La famille « malade » de son parent âgé

« La dépendance des personnes âgées est une préoccupation majeure pour les familles d’aujourd’hui. La crise du grand âge attaque souvent le lien familial. Au-delà de la charge matérielle, la démence et la maladie d’Alzheimer entraînent pour les aidants une souffrance psychique prolongée. L’expérience de la régression et des deuils successifs génère épuisement et sentiment d’impuissance. Dès lors, comment les soignants peuvent-ils accompagner la famille ? », écrit le magazine professionnel Santé mentale, qui consacre un dossier à ce thème. Dans sa tragédie Œdipe à Colone, Sophocle évoquait il y a vingt-cinq siècles « pour dernier lot, la vieillesse exécrable, l’impuissance, l’insociable, l’inamicale vieillesse, en qui viennent se rejoindre tous les maux, les pires des maux ». « La solidarité de la famille humaine dont Œdipe est issu possède deux faces : celles de la famille réelle et celle de la famille psychique, auxquelles le ça [ensemble des pulsions inconscientes qui ne connaît ni les interdits, ni la réalité, selon Freud] tente inexorablement d’imposer ses exigences », écrit Pierre Charazac, psychiatre et psychanalyste, pour qui « les crises liées au grand âge bouleversent les repères au sein de la famille, parfois jusqu’à la rendre « malade ». Les soignants doivent analyser les interactions entre la personne âgée et sa famille pour mettre au jour le fonctionnement de l’appareil psychique familial » : « la solidarité familiale mobilise des affects et des désirs ambivalents.

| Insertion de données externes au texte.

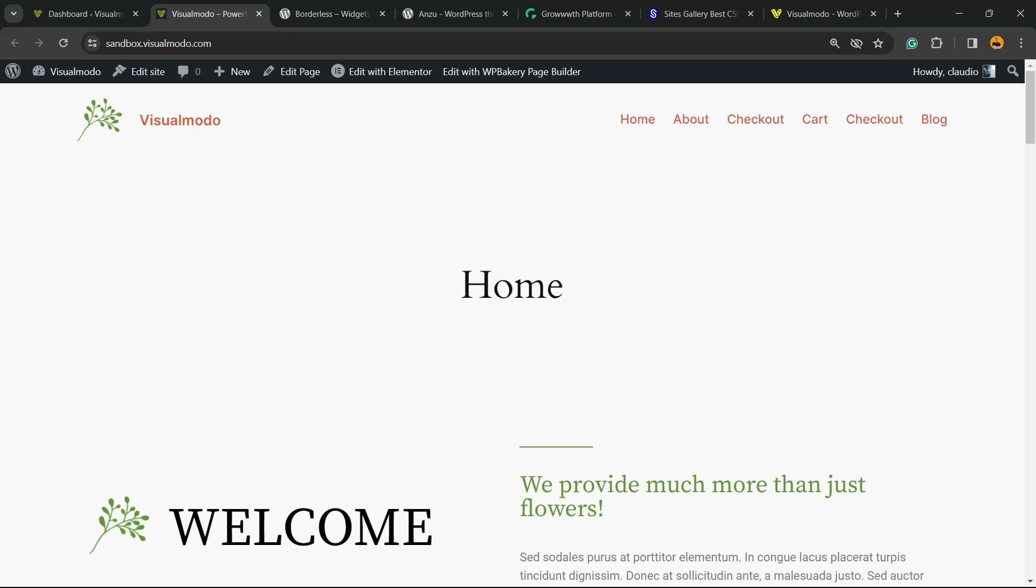What's up guys, here's Claudio from VisualModo WordPress themes. In today's video, we're going to learn how to make your WordPress website accessibility ready. Imagine the following scenario: we are in modern days, so if you have an easy to access website, it's a really important thing.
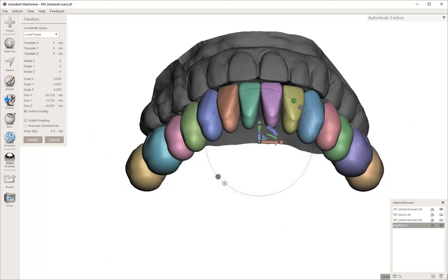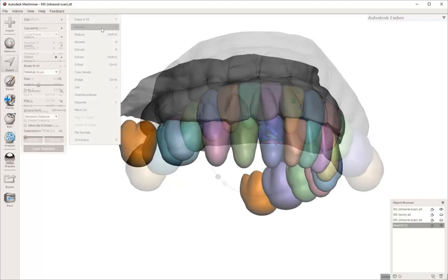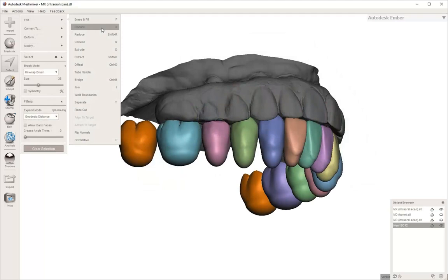You can turn off the mandibular teeth so that they're not getting in the way, and you can start to see that maybe the teeth need to come more lingual. If you look here in the distal, the teeth that came already set included the second molars.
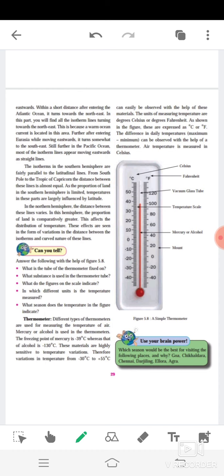The isotherms in the southern hemisphere are fairly parallel to the latitude lines from the South Pole to the Tropic of Capricorn. The distance between these lines is almost equal, as the proportion of land in the southern hemisphere is limited — temperature in these parts is largely influenced by latitude. In the northern hemisphere, the distance between these lines varies. In this hemisphere the proportion of land is comparatively greater, and this affects the distribution of temperature.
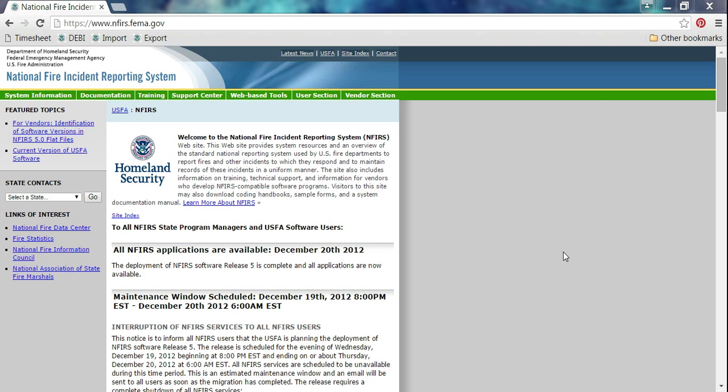Hi everyone, this short video is going to show you how to download the federal client tool so that you can get the data entry tool and enter your NFIRS reports using the free software provided by the U.S. Fire Administration.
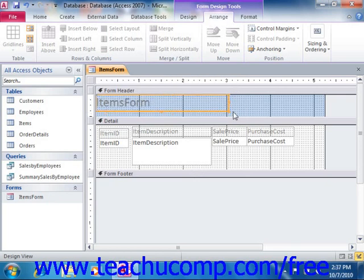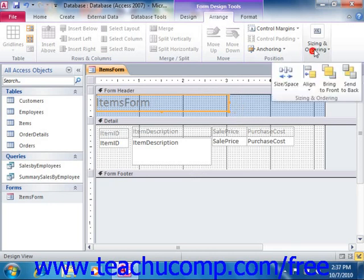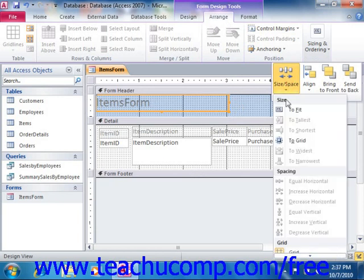Once again, this is a toggle command, so you perform the same action to both enable and disable this feature. You can do this by clicking the Snap to Grid button. In Access 2010, this button is located in the Size and Space dropdown button that appears in the Sizing and Ordering group on the Arrange tab in the Form Design Tools contextual tab within the ribbon.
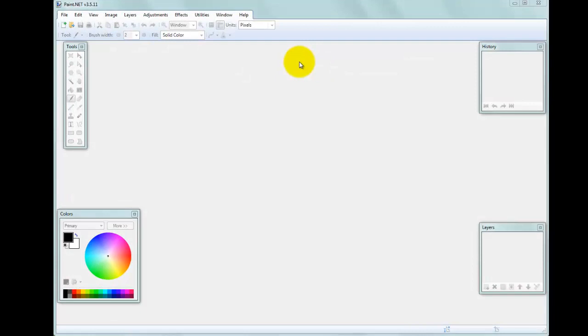Hello. In this video I'd like to show you how to change the canvas area for an image using Paint.NET. As you can see, I've got Paint.NET already loaded here and I'll be loading a file to work on.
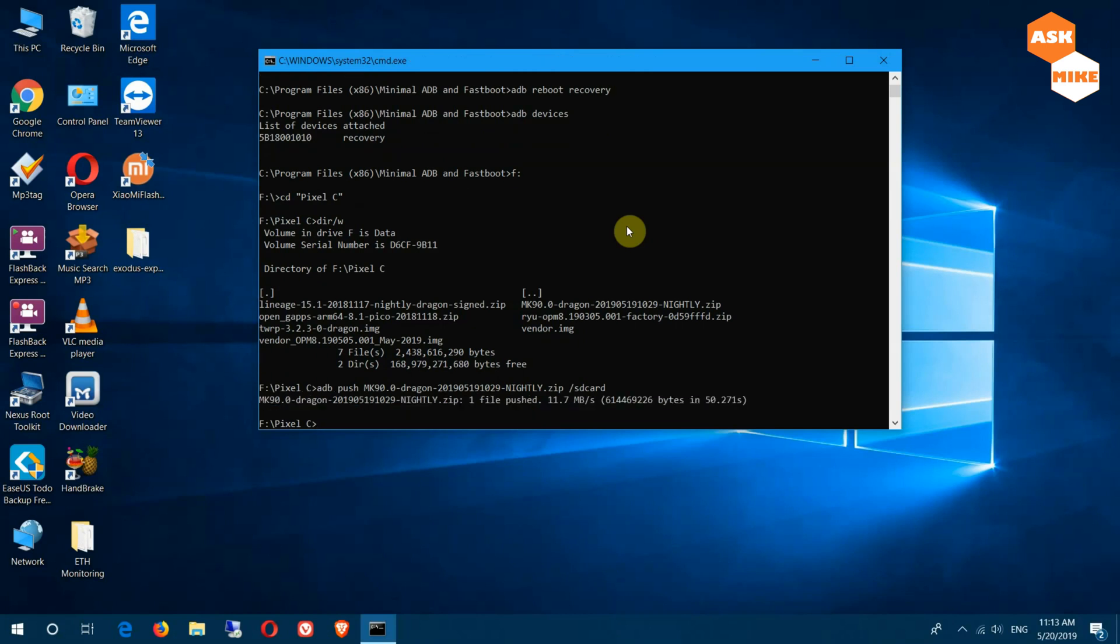Okay, it's done. If you need the GApps, you can follow the same method and just push the GApps into the device itself. I normally use the Pico package. I'll download later and push it in. For now, let's just get back to the tablet for the rest of the setup.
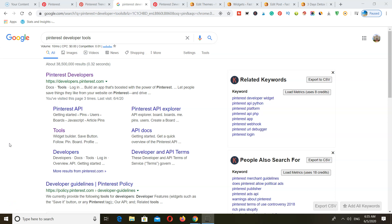Hey everyone, how are you guys doing? I'm Erica. Welcome back to another video. In this video, I'm going to be showing you how to add Pinterest widgets to WordPress.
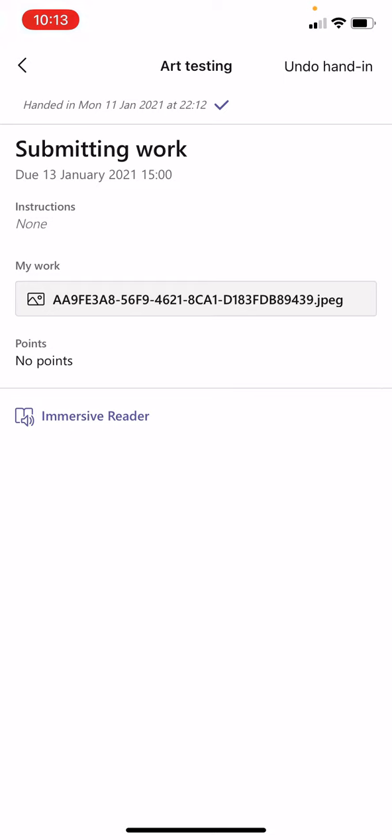Now the next bit is how do you hand it in again on that same assignment. So to do that, you need to press the undo hand in button at the top corner.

Sans juger la famille, les soignants doivent comprendre que cette solidarité ne s’impose pas du dehors, mais résulte d’un travail intérieur et exige du temps ». Comment définir une famille ? interroge Philippe Guillaumot, psychiatre au centre hospitalier des Pyrénées à Pau. Face à la complexité de la maladie d’Alzheimer, le praticien propose plusieurs modèles de lecture de la situation, afin de partager les points de vue et d’installer une confiance entre proches et soignants.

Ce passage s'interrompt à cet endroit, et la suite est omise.